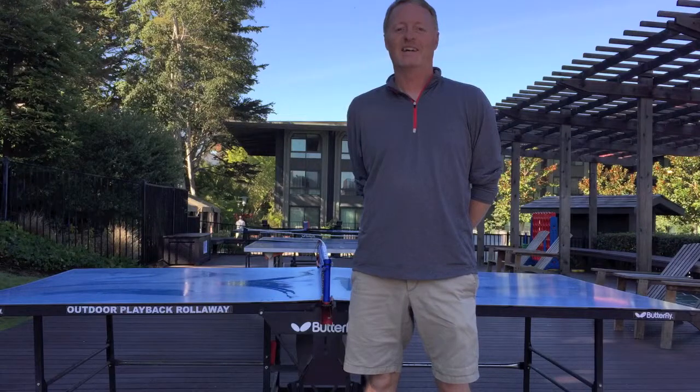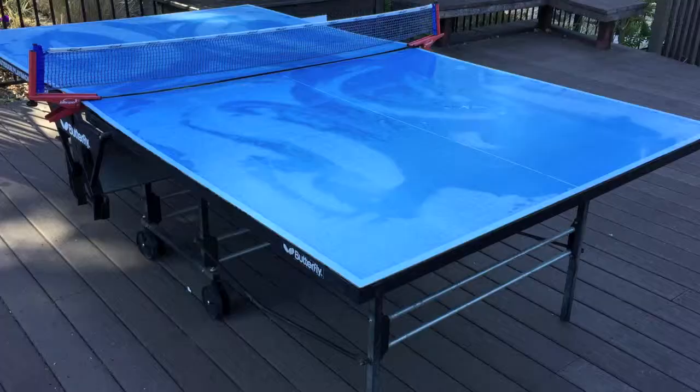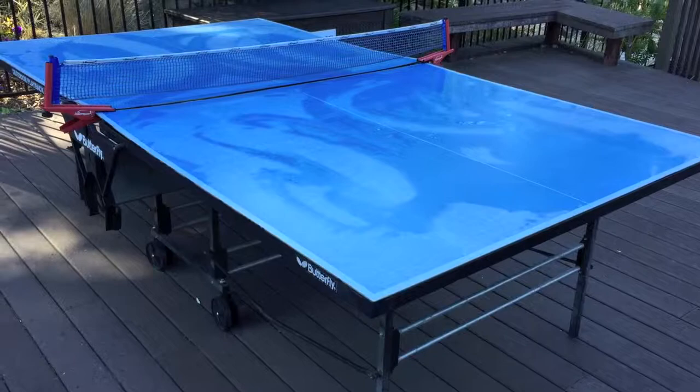Hi, I'm Kevin Vedder with Best Outdoor Ping-Pong Tables, and today I'm going to be doing a review of the Butterfly Outdoor Playback Roll-Away Table, one of our favorite outdoor tables. This is the Butterfly Outdoor Playback Roll-Away Ping-Pong Table. It sells for about $750.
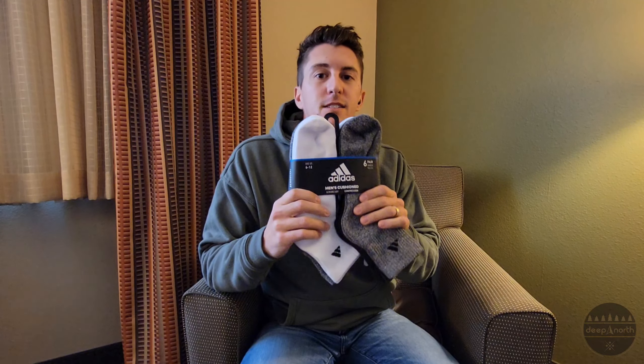What's up everybody? Welcome to the Deep North. I'm Anthony, and for today's episode we've got a Holiday Inn Express edition. I'm in a Holiday Inn Express — I travel a lot for work, but I still wanted to bring you some content, so I thought I'd do one right here from the hotel room. Today we're looking at some Adidas Aero Ready Compression Socks.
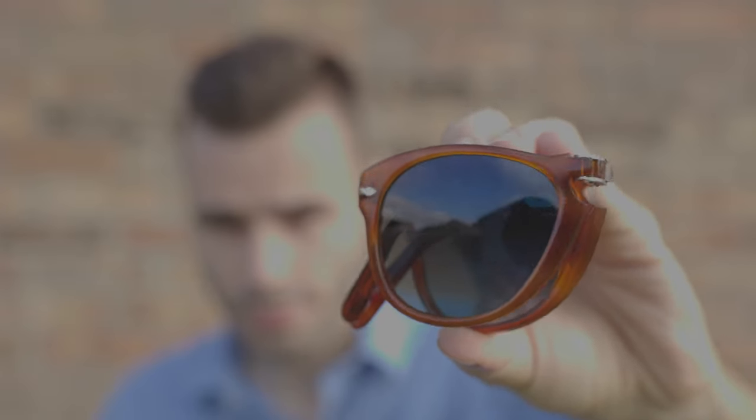Here's what the frames look like all folded up — they look very elegant and classy. If you unfold them it just takes a couple of seconds to completely unfold them and put them on your face, which is really nice and makes them very practical.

## ACTIVITY
It would help to have the listing above repeated exactly, with all images removed.

## OUTPUT FOR THIS EXERCISE
Hi, I'm Kevin Vedder with Best Outdoor Ping-Pong Tables, and today I'm going to be doing a review of the Butterfly Outdoor Playback Roll-Away Table, one of our favorite outdoor tables. This is the Butterfly Outdoor Playback Roll-Away Ping-Pong Table. It sells for about $750.
What's up everybody? Welcome to the Deep North. I'm Anthony, and for today's episode we've got a Holiday Inn Express edition. I'm in a Holiday Inn Express — I travel a lot for work, but I still wanted to bring you some content, so I thought I'd do one right here from the hotel room. Today we're looking at some Adidas Aero Ready Compression Socks.
Here's what the frames look like all folded up — they look very elegant and classy. If you unfold them it just takes a couple of seconds to completely unfold them and put them on your face, which is really nice and makes them very practical.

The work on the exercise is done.